[Start of Attachment]

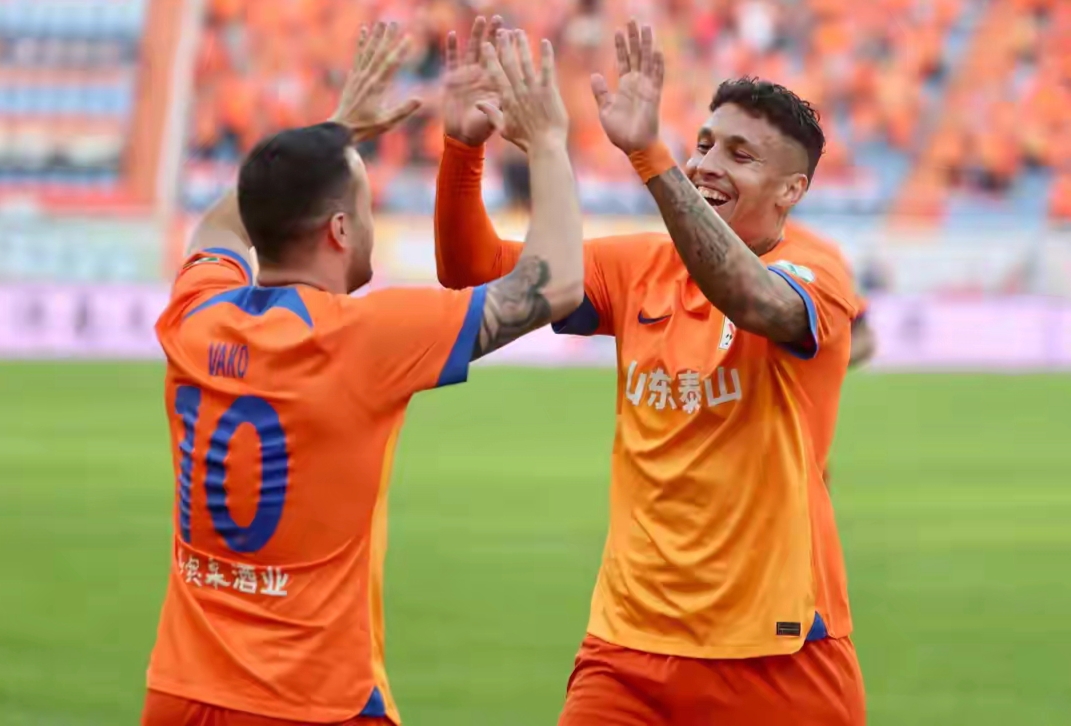 西甲今晚走向成谜，山东泰山外线爆发，气氛紧张，阵容厚度经受考验 -华体会入口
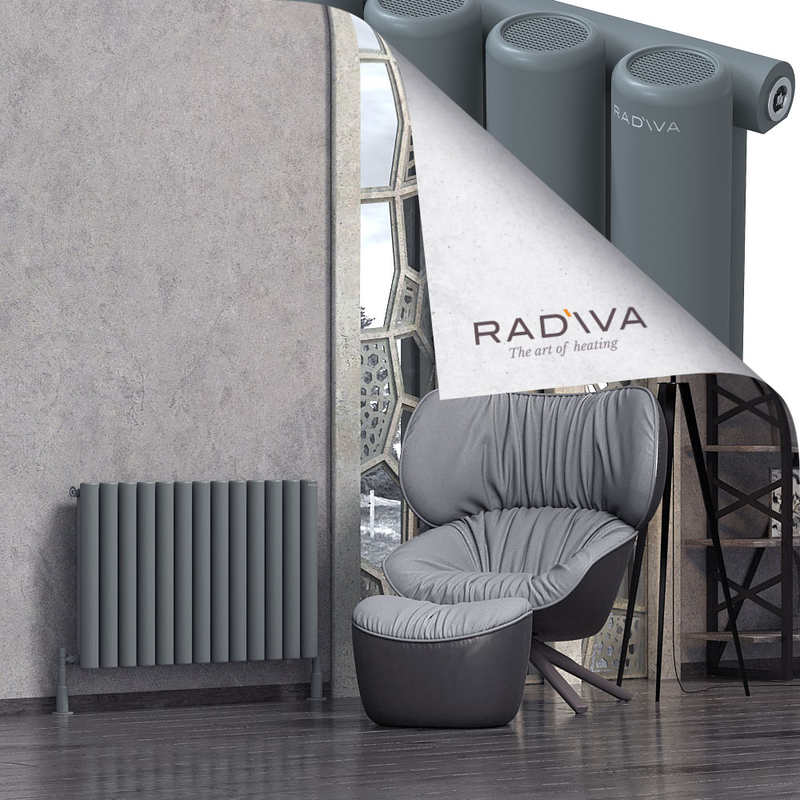 Mati Aluminium Radiator 600x958 Anthracite 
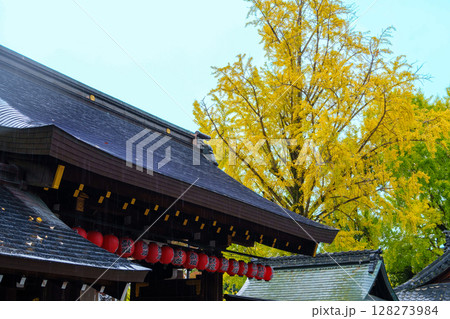 護王神社の神門 護王神社の神門 128273984
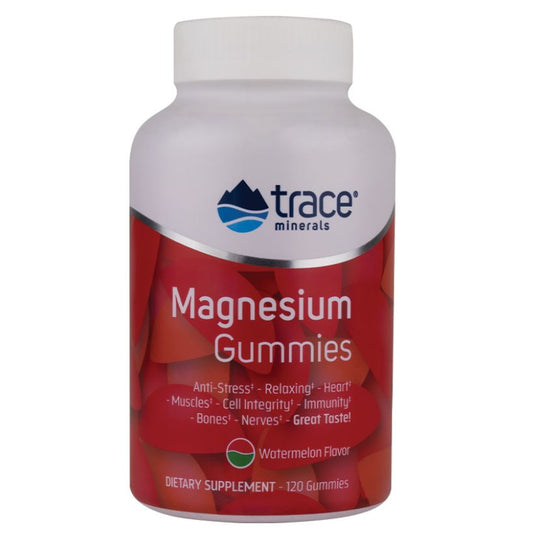Magnesium Gummies, Watermelon - 120 gummies - Vitax.ro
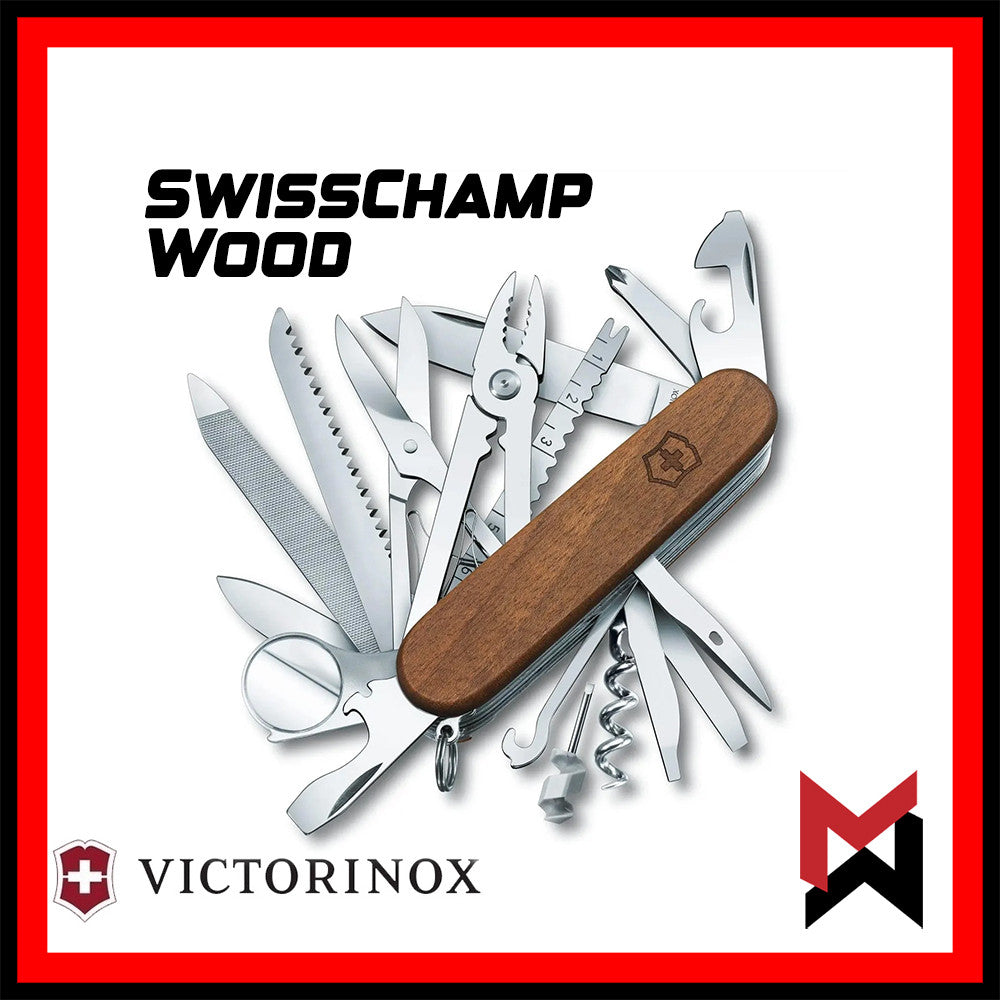 Victorinox - Swisschamp Wood - 1.6791.63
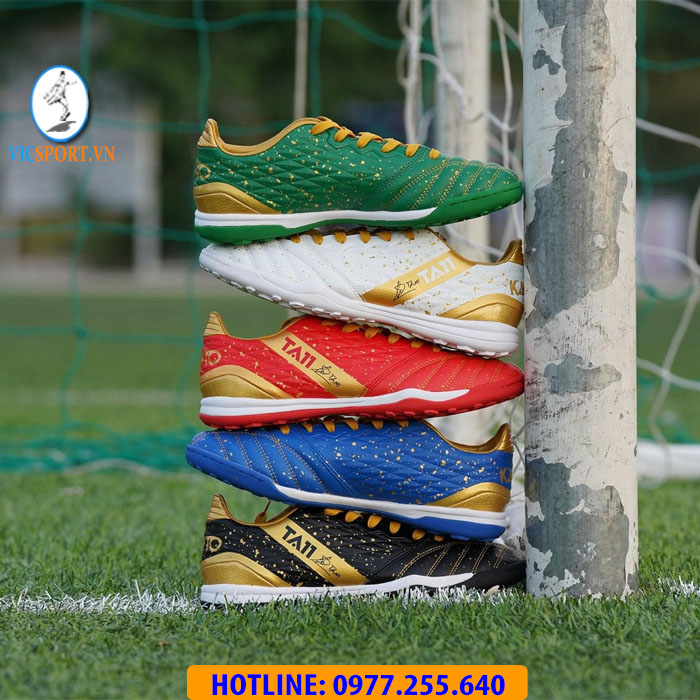 GIÀY ĐÁ BANH KAMITO TA11 TF MÀU ĐỎ - Hình ảnh 8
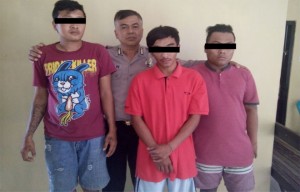 Tiga Pelaku Pengeroyokan di Tegalsari Diringkus Polisi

[End of Attachment]

▶ _Assigned task_: Your answer must be the lines from the one containing "Victorinox - Swisschamp Wood - 1.6791.63" through the last line of the records, copied exactly, with no pictures.

▶ _Response to this task_:
 Victorinox - Swisschamp Wood - 1.6791.63
 GIÀY ĐÁ BANH KAMITO TA11 TF MÀU ĐỎ - Hình ảnh 8
 Tiga Pelaku Pengeroyokan di Tegalsari Diringkus Polisi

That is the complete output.